Presenter(s): Megan Bam & Yusra Price

This 90-minute session combines play and reflection to surface the trade-offs, assumptions and conflicts that underpin data-driven strategies for student success.
 

Institutional logics provide valuable insights into decision-making and strategic planning by exploring the cultural beliefs, rules, and values that shape organisational and individual behaviours when implementing disruptive innovations (Christensen and Eyring, 2011), such as data analytics. Institutional logics are ‘…the socially constructed, historical patterns of material practices, assumptions, values, beliefs, and rules by which individuals produce and reproduce their material subsistence, organise time and space, and provide meaning to their social reality’ (Thornton & Ocasio, 1999, p. 804). In laymens terms ‘an institutional logic is the way a particular social world works’ (Thornton & Ocasio, 2012, p. 101).
 

Universities are shaped by the pursuit of knowledge, academic autonomy and high standards of excellence. At the same time, they face competing pressures from government regulation, financial sustainability, market competitiveness and professional academic values. These demands reflect the influence of different institutional logics, such as the state, market, business and academic/professional, which often pull institutions in conflicting directions. In South Africa, these tensions are heightened by persistent inequities in student participation, completion and success rates.
 

Data analytics has emerged as a prominent strategy to address such disparities through tools such as dashboards, predictive models and early warning systems. However, critiques highlight the risks of deficit framing, racial profiling, surveillance and a loss of trust, raising questions about whether data-driven approaches really advance equity and success in higher education. Logics at Play is an interactive boardgame designed to investigate how institutional logics shape the implementation of data analytics in universities.
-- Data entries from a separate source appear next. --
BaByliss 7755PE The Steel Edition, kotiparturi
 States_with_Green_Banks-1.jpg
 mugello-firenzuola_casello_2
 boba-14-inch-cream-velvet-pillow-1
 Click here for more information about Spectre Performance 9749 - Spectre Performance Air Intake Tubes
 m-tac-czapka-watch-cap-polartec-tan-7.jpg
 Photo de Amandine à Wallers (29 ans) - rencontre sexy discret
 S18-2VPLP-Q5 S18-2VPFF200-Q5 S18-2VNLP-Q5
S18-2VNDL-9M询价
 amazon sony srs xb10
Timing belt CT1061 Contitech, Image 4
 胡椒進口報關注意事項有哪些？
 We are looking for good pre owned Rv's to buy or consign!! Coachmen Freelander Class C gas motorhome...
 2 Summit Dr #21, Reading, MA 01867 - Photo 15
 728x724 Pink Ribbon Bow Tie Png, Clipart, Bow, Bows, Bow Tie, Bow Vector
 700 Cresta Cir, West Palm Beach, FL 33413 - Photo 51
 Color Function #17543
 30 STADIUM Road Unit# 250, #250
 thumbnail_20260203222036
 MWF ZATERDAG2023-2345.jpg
Participants will work in teams of four to six people, adopting different institutional logics to navigate real-life dilemmas using event and data cards inspired by South African higher education contexts.
Participants will gain a deeper understanding of how institutional logics influence equity and success initiatives; have greater insight into the tensions between data, trust and social justice; and be familiarised with a practical tool to engage staff and students in meaningful dialogue about equity and student success.